Di che cosa ci sarebbe bisogno, dunque, per sentirsi a casa? Di avere degli amici (57%), fare sport o divertirsi con gli altri (56%) e imparare la lingua locale (54%). In poche parole: di vivere la propria età nel modo più “normale” possibile, dopo che la guerra ha frammentato tutto ciò che era consueto.

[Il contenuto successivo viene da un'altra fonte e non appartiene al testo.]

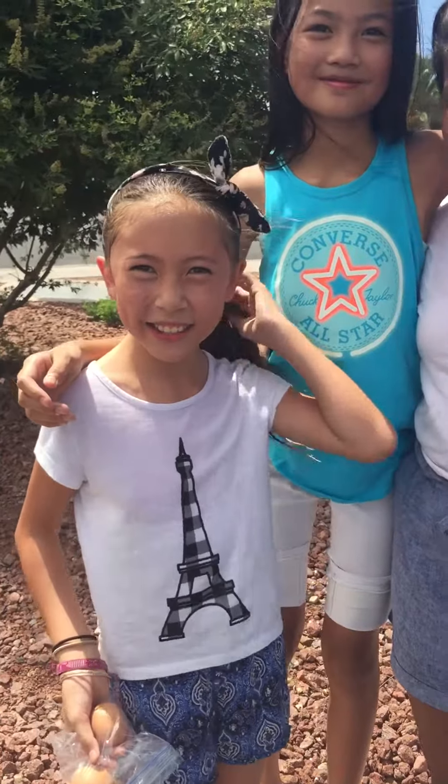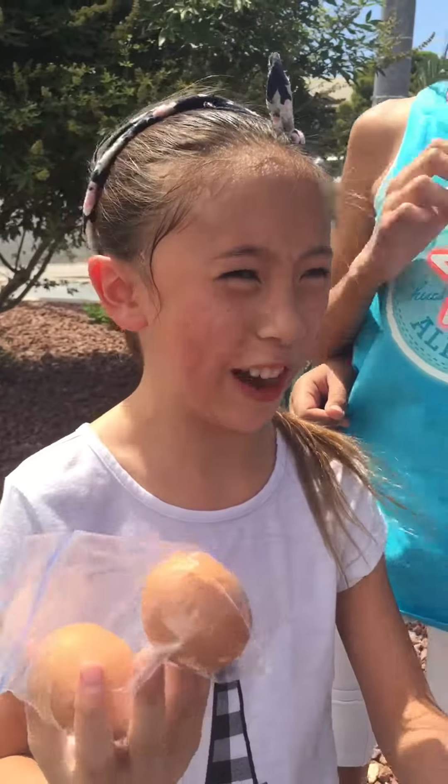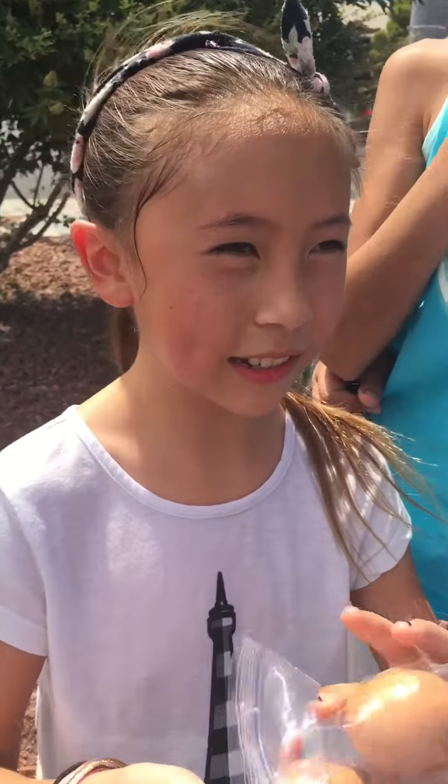Hi, okay, so today we're going to make like eggs on the ground. Basically, it's 109 degrees so subscribe and like.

Il report di ricerca si chiude con alcuni consigli di buon senso e di buona politica rivolti all’Unione Europea e dunque anche all’Italia: estendere il permesso di soggiorno temporaneo tanto quanto sarà necessario affinché il rientro in patria avvenga in condizioni di sicurezza; investire sul benessere e sul contrasto alla povertà educativa; rendere questi giovani consapevoli dei propri diritti; favorire l’inserimento nella scuola anche attraverso interventi educativi e di supporto psicologico adeguati; istituire corsi di italiano dedicati; offrire occasioni per fare sport, musica e altre attività ricreative insieme ai coetanei del paese accogliente in modo da costruire nuove relazioni.
Mi piace sottolineare l’attenzione e la lungimiranza con cui ancora una volta Save the children non si limita a parlare dei bambini o degli adolescenti ma dedica risorse ad ascoltare e amplificare le loro voci. Per parte loro i giovanissimi come ogni volta dimostrano di essere ben consapevoli della propria condizione e dei propri bisogni. La direzione è ben tracciata e c’è da augurarsi che le loro richieste e proposte vengano prese sul serio.
Detto questo, forse per vecchia consuetudine a frequentare tutori di ragazzi stranieri, non posso impedirmi di pensare ai moltissimi minorenni che arrivano in Italia da altri paesi per mare o attraverso i Balcani, molto spesso senza il conforto di un genitore o di un familiare. Fuggono ugualmente dalla guerra o dalla povertà estrema, da condizioni ambientali impossibili. Sono poco o per nulla scolarizzati, avviati precocemente al lavoro per pagare i trafficanti, sopravvissuti a prigionia, torture, violenze, al lavoro forzato e a trasferimenti disumani.
Ben lungi dal voler contrapporre l’accoglienza ai ragazzi ucraini a quella riservata ai coetanei siriani, iraniani, egiziani… attendo che lo sguardo di chi assume decisioni riconosca quanto questi giovani abbiano gli stessi diritti, i medesimi bisogni e debbano ricevere le stesse possibilità, se davvero vogliamo essere un paese che prende sul serio i diritti di ogni bambino, di ogni adolescente.